This issue offers a variety of content on different technology applications. Conference reports from subject fields of art and collection development and instructional technology offer different insights about how new forms of technology are being applied in a range of settings to achieve quite different goals with diverse populations. Our reporters attended the Annual College Art Association meeting in Seattle; the Fiesole Collection Development Retreat hosted by the European University Institute in Florence, Italy; and the Annual Tech Ed Conference sponsored by the California Community College Foundation. What is abundantly clear is that technology is the conduit for most information transfer these days and is responsible for how we learn, retain, access, retrieve, refresh, manipulate, cite, recall and preserve information.

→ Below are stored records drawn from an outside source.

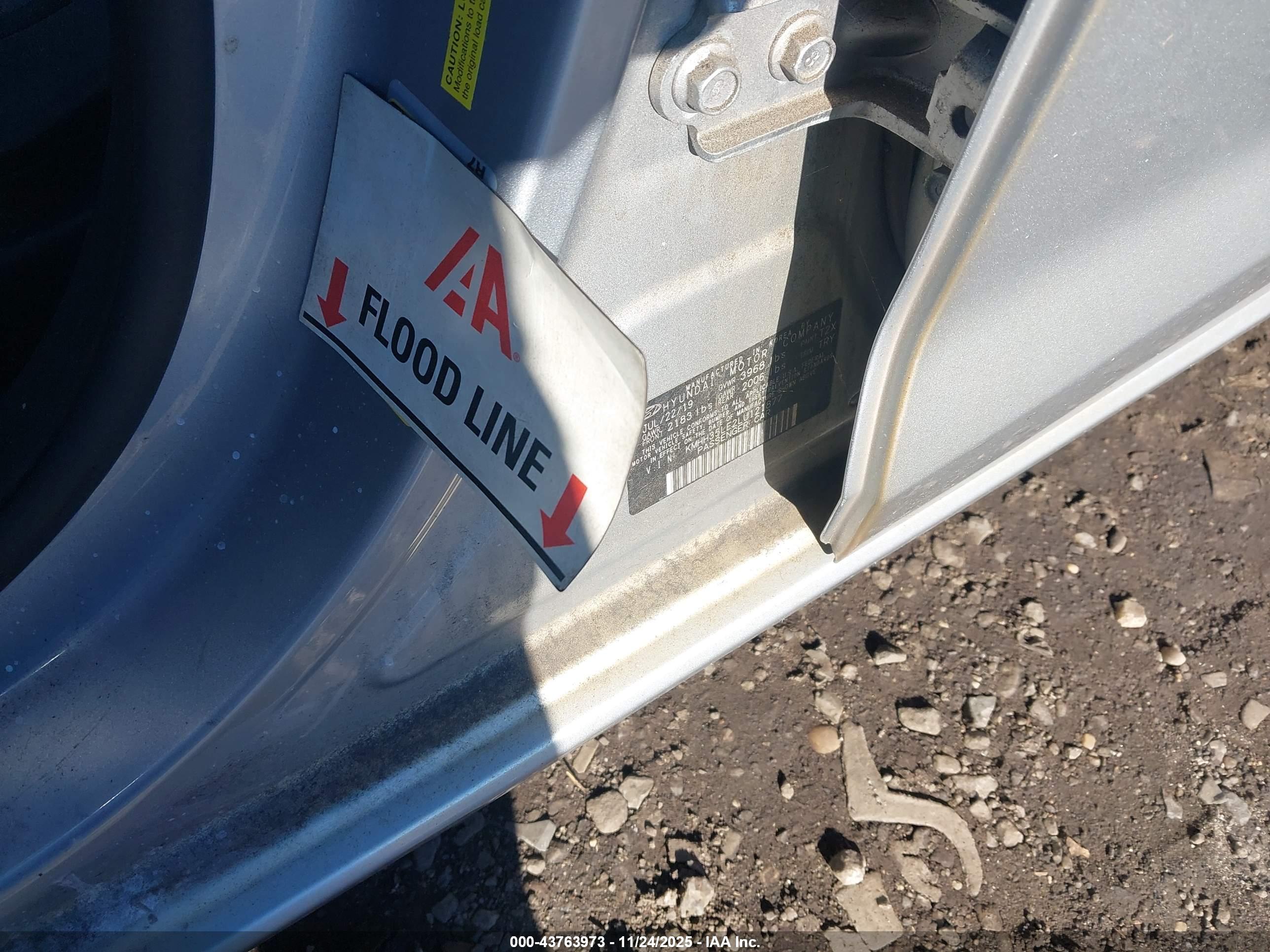 HYUNDAI ELANTRA image 6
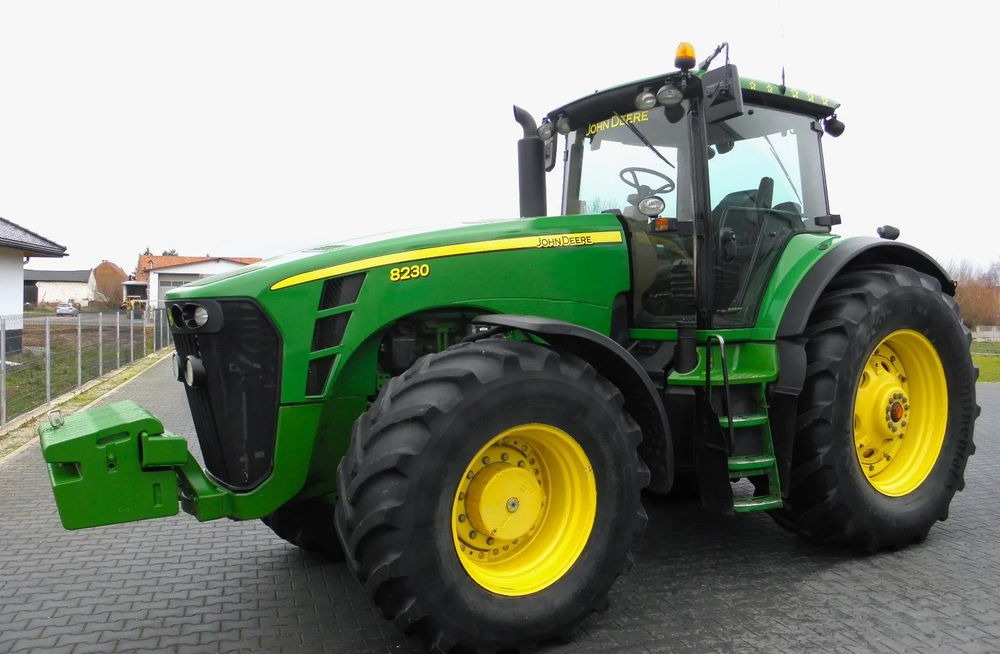 John Deere 8230 2009 Rok POWERSHIFT, Nie Malowany, Stan Bardzo Dobry - Traktors: foto 4 John Deere 8230 2009 Rok POWERSHIFT, Nie Malowany, Stan Bardzo Dobry - Traktors: foto 4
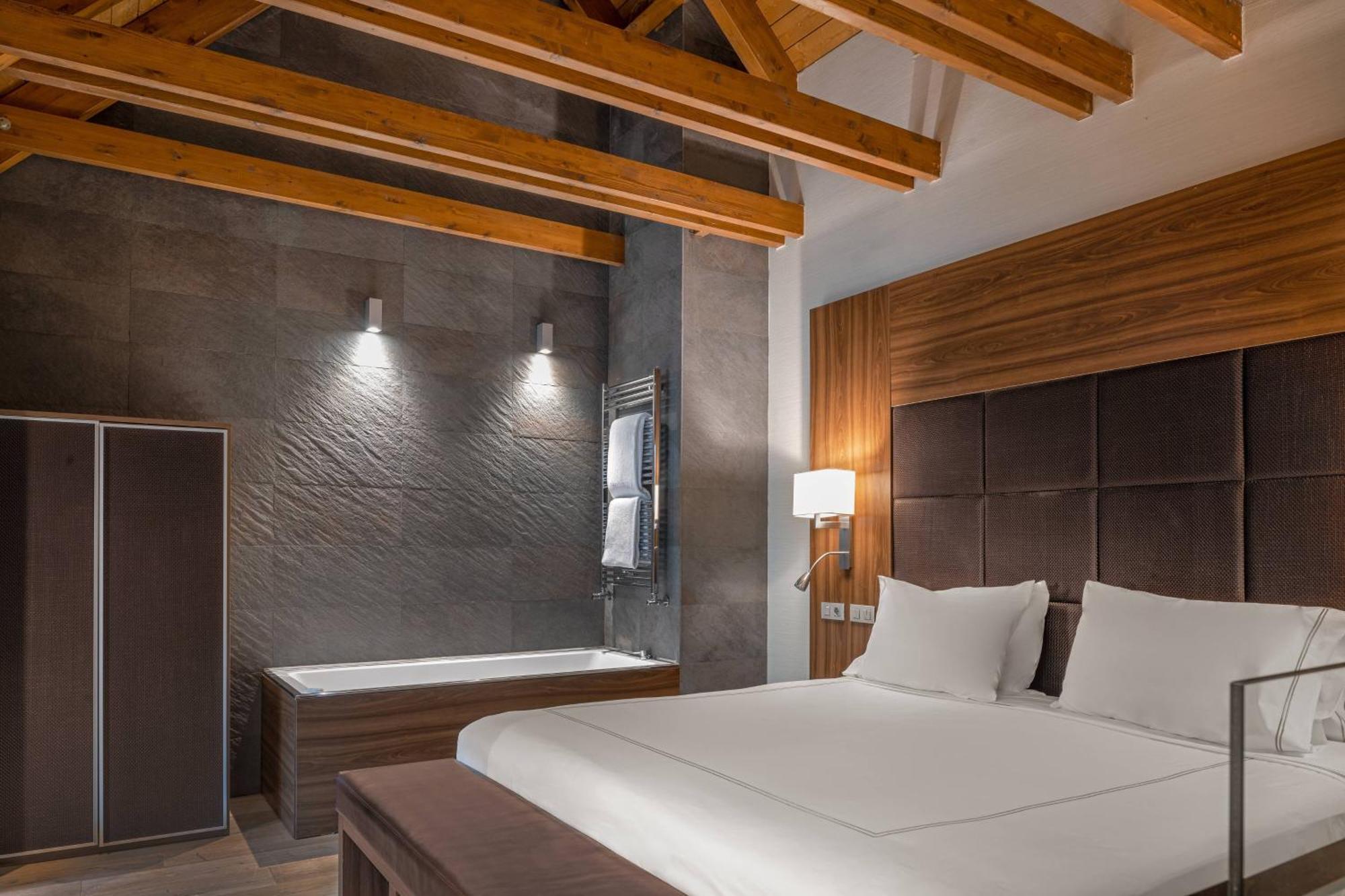 Hotel Ac Baqueira Ski Resort, Autograph Collection Baqueira Beret Εξωτερικό φωτογραφία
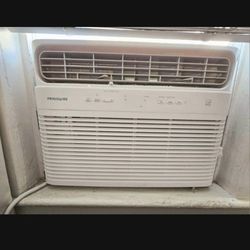 Frigidaire 12,000 BTU Window AC Unit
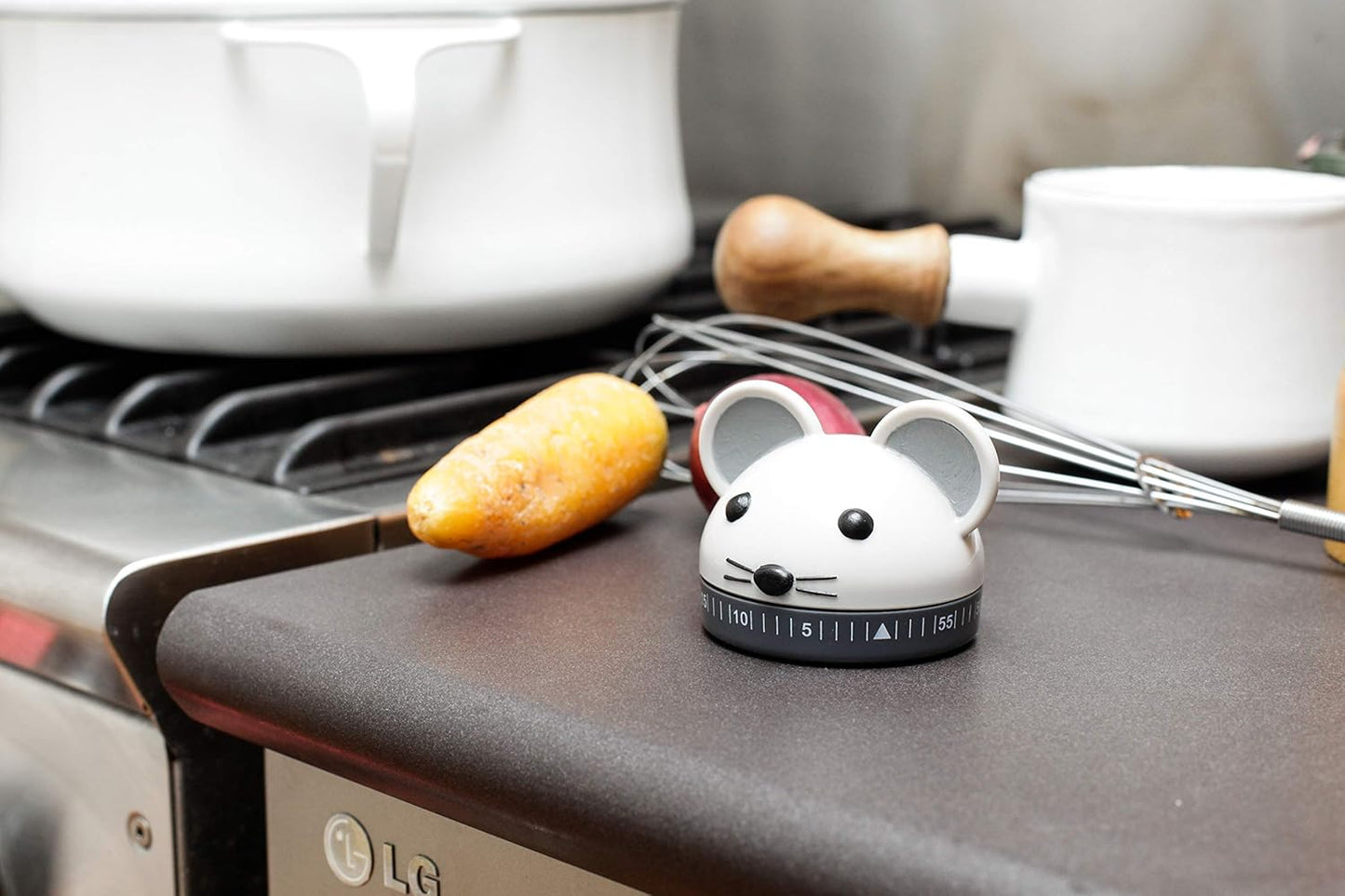 Kikkerland Ladybug Kitchen Timer, Red (KT21-A), 5.7 x 5.7 x 4.4 cm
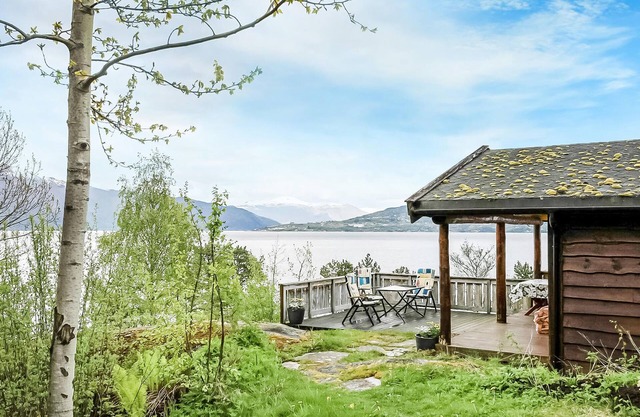 2 bedroom beautiful home in Balestrand
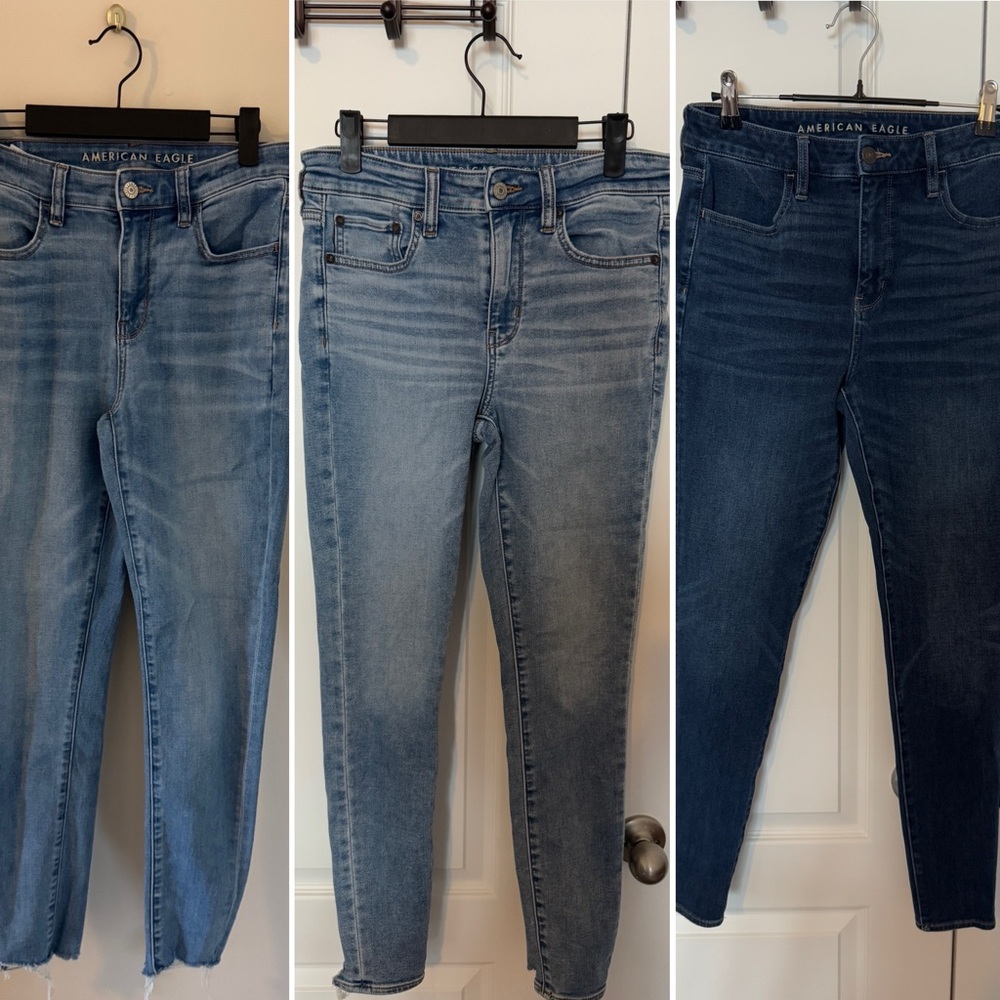 American Eagle Jean Bundle Size 8 Dark Light Wash 3 pairs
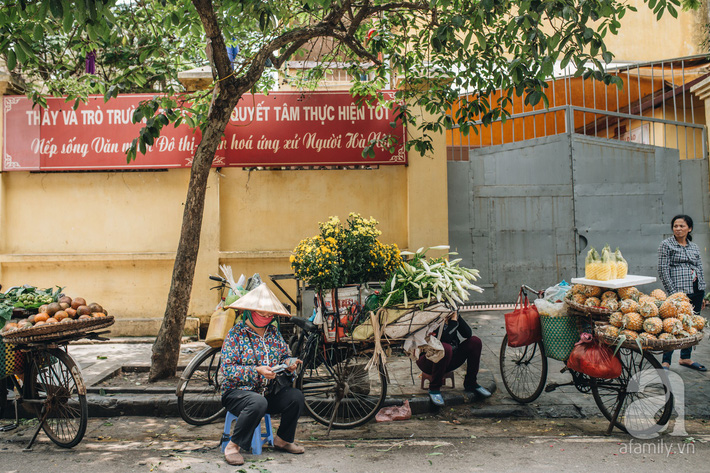 Tháng 4 về, Hà Nội lại dịu dàng những gánh loa kèn trắng tinh khôi, thơm nồng nàn khắp các góc phố-14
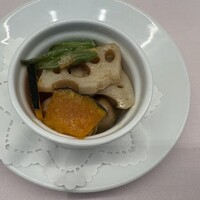 厳選洋食さくらい - ホタテと野菜のガーリック焼き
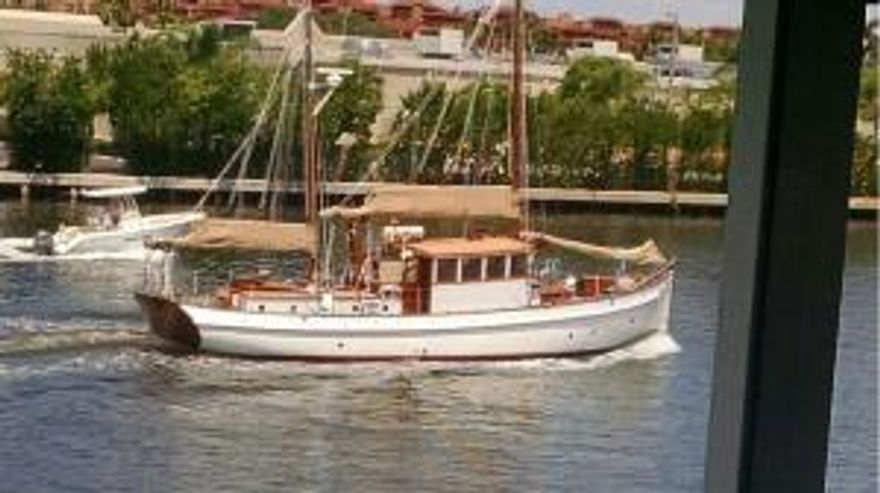 Gorgeous direct intracoastal view from 2/2 unit with enclosed porch.Have your very own private boat show everyday from your balcony with lush views of preserve also. Affordable living in Ocean Ridge between intracoastal and ocean. Ample square footage and unlimited potential for your own design and personal touches.Close proximity to downtown Delray for extraordinary dining.Steps from the ocean with deeded beach access, pool and clubhouse. Only 6 waterfront units of this size in entire community.Rare opportunity to have this view and square footage in sought-after Ocean Ridge for a great price. Must see.2 clubhouses - main and yacht club- boat/dockage available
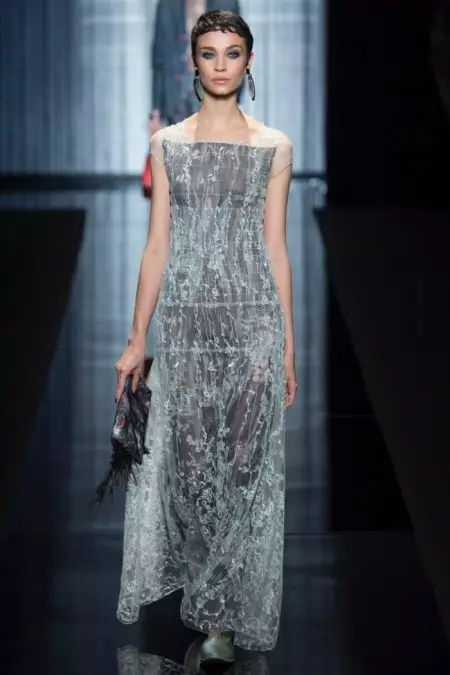 Armani alza il fascino per la primavera 2017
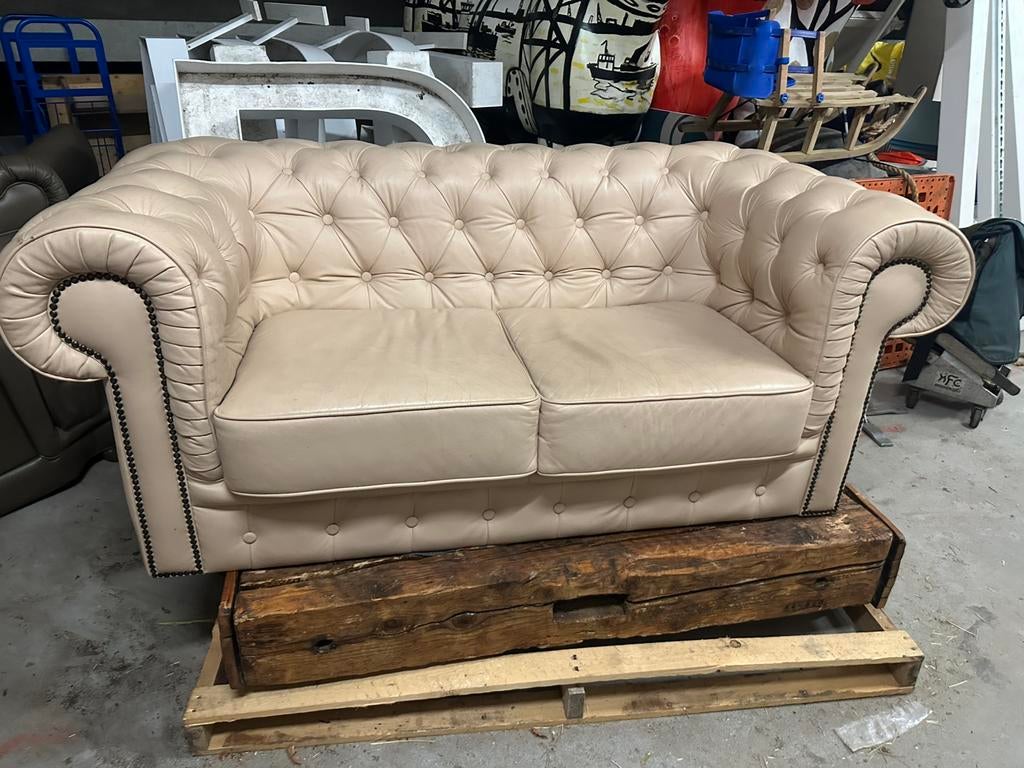 Chesterfield, Ophalen, Zo goed als nieuw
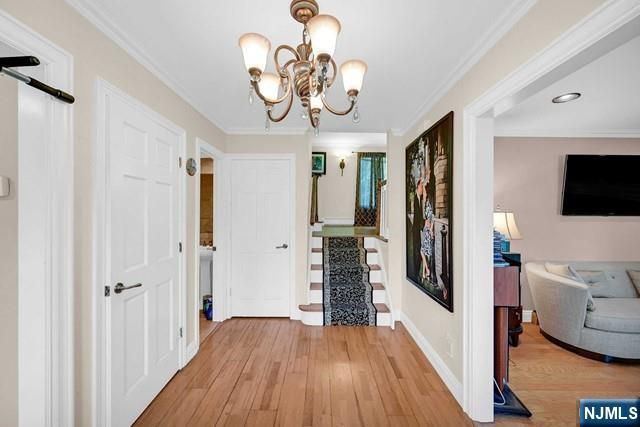 100 Lake Street, Upper Saddle River, NJ 07458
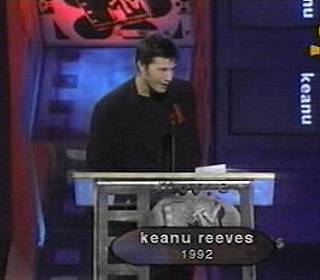 Церемонии : MTV Movie Awards 1992, награда Самый желанный мужчина за фильм На гребне волны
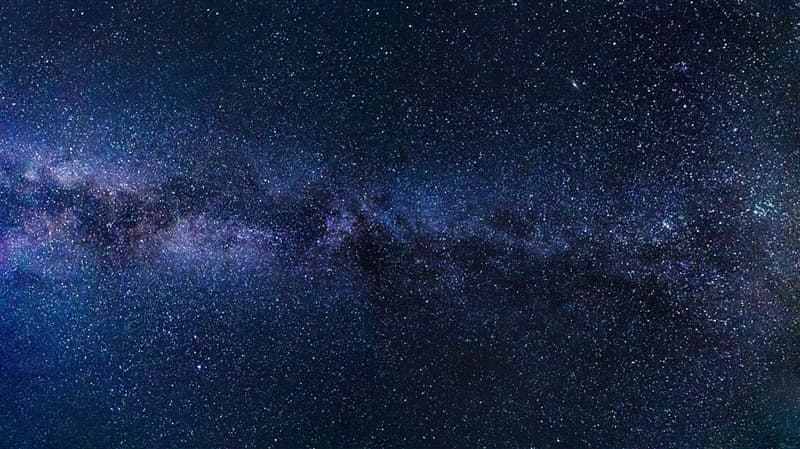 Наука Вопрос: Какое количество звезд, по современным оценкам астрономов, содержит галактика Млечный Путь, в которой находятся Земля, Солнечная система и все отдельные звёзды, видимые невооружённым глазом?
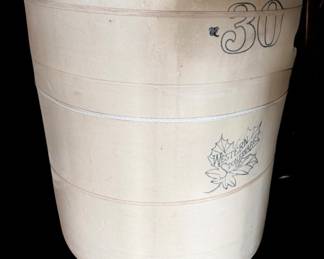 Western Stoneware 30 Gallon Crock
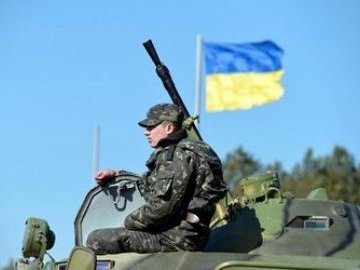 Росія підвела до кордону танки з розпізнавальними знаками української армії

One of our features examines new products and platforms for learning and publishing. Heather Morrison explores how professional library and information science associations could do more leading by example to address how open access literature could benefit its memberships, constituencies and product output if it was more widely introduced. Our co-editor, Colby Riggs, updates us on new Web browser technologies to supplement the traditional Internet Explorer most of us are familiar with and depend on. You should find all these features a "good read".
Our standard columns give us a prism on what is happening in library technology, with a list of newly released publications in library and information technology. The industry recap is found in New & Noteworthy and the Diary will keep you apprised of what is happening around the world as far as conferences, meetings and symposia are scheduled. We always seek conference reporters and others to write up about events and experiences with the intersection of information technology and libraries.